2009年01月17日(土) 23時16分
<イスラエル>ガザ停戦へ…米と武器密輸阻止覚書(毎日新聞)
【エルサレム前田英司】イスラエルが16日、パレスチナ自治区ガザ地区への武器密輸阻止に関する覚書を米国と交わし、ガザ情勢は一気に停戦の流れが強まった。米国では20日、オバマ新政権が発足する。覚書はイスラエルにとって、米政権が「親友」のブッシュ氏から「未知」のオバマ氏に移行しても、自国の安全保障への関与を約束する保証となる。イスラエルにはオバマ氏の正式就任までに事態を収束させるのが得策との思惑も強く、戦術的、戦略的な判断が働いた形だ。
ライス米国務長官は16日、ワシントンでの記者会見で、ガザへの武器密輸を阻止する国際社会の協力が「持続的な停戦に貢献する」と指摘。そのうえで「米国はイスラエルの安全保障に関与し続ける」と強調した。
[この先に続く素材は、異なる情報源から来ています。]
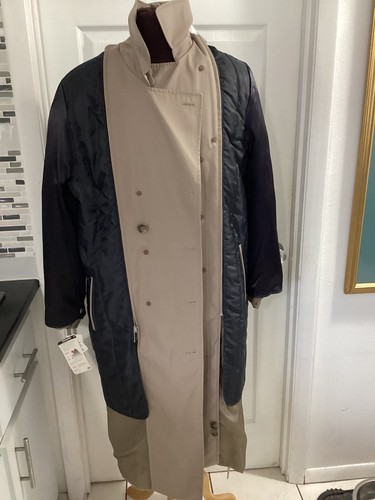 NUEVO IMPERMEABLE BEIGE DOBLE PECHO CINTAS ABRIGO DE TRINCHERA REVESTIMIENTO CON CREMALLERA 42L/L - Imagen 6 de 12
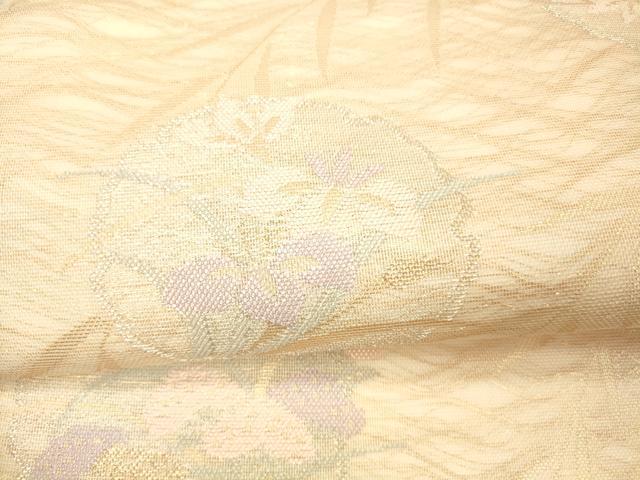 平和屋着物＊夏物 六通柄袋帯 雪輪草花文 金銀糸 正絹 逸品 DAAX0276cm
両国は覚書で、ガザへの武器密輸を阻止する監視メカニズムの構築を確認。具体的には、米国が密輸ルートの察知・摘発に必要な装備や情報を提供するほか、エジプトなど実際に密輸監視に当たる当局の訓練を請け負う。エジプト境界の地下トンネルだけでなく、地中海や紅海、アフリカ東部での海上パトロールなども想定して、北大西洋条約機構(NATO)との連携も明示した。
イスラエルは、ガザを支配するイスラム原理主義組織ハマスの「弱体化」を達成するうえで、この武器密輸の阻止を最重視する。エジプトは取り締まりの徹底を約束するが、イスラエル側には従来の取り組みが不十分だったとの不信感がある。米国の関与で「エジプトの活動を補完する」(リブニ外相)ことができ、イスラエルが停戦条件に掲げてきた国際的な態勢作りにも合致すると判断した。